Preparation of UV-curable functionalized phosphazene-containing nanotube/polyurethane acrylate nanocomposite coatings with enhanced thermal and mechanical properties

Abstract

Poly(cyclotriphosphazene-co-4,4′-sulfonyldiphenol) (PZS) nanotubes with active hydroxyl groups were fabricated via an in situ template method under mild conditions, and then modified by acryloyl chloride to obtain the acryloyl-group functionalized PZS (f-PZS) nanotubes. The structure of the PZS nanotubes was characterized by Fourier transform infrared spectroscopy and the morphology was investigated by scanning electron microscopy and transmission electron microscopy.

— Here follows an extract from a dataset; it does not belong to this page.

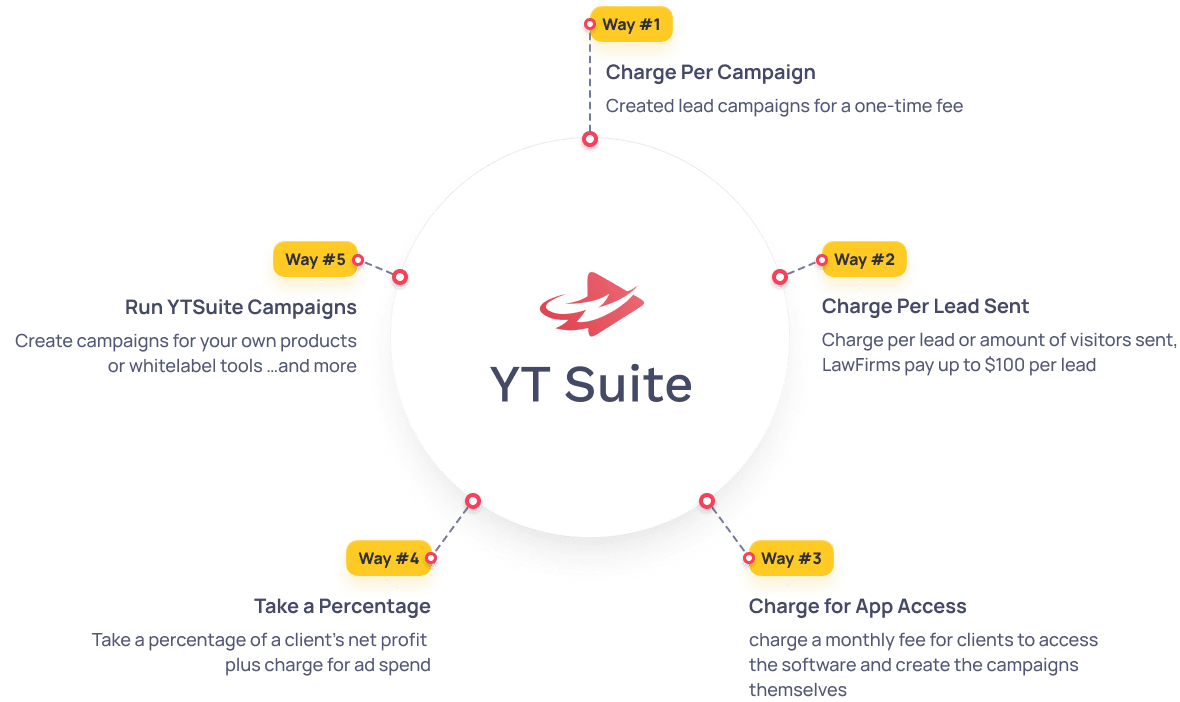 YTSuite Advanced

The f-PZS/polyurethane acrylate (f-PZS/PUA) nanocomposite coatings were prepared by UV radiation technology to covalently introduce f-PZS nanotubes into a PUA matrix. Dynamic mechanical analysis and tensile tests were performed to characterize the mechanical properties of the f-PZS/PUA nanocomposite coatings. The optimal reinforcing effect for the PUA matrix was observed when the content of f-PZS nanotubes was 3.0 wt%. The thermal stability of the PUA nanocomposites was studied by thermo gravimetric analysis. It indicates that the onset thermal degradation temperature of the f-PZS/PUA nanocomposites with 1.0 wt% f-PZS nanotubes is increased by 36.3 °C. These remarkable property reinforcements are attributed to the covalent functionalization of PZS nanotubes, which can effectively improve the interfacial interaction between the f-PZS nanotubes and the PUA matrix.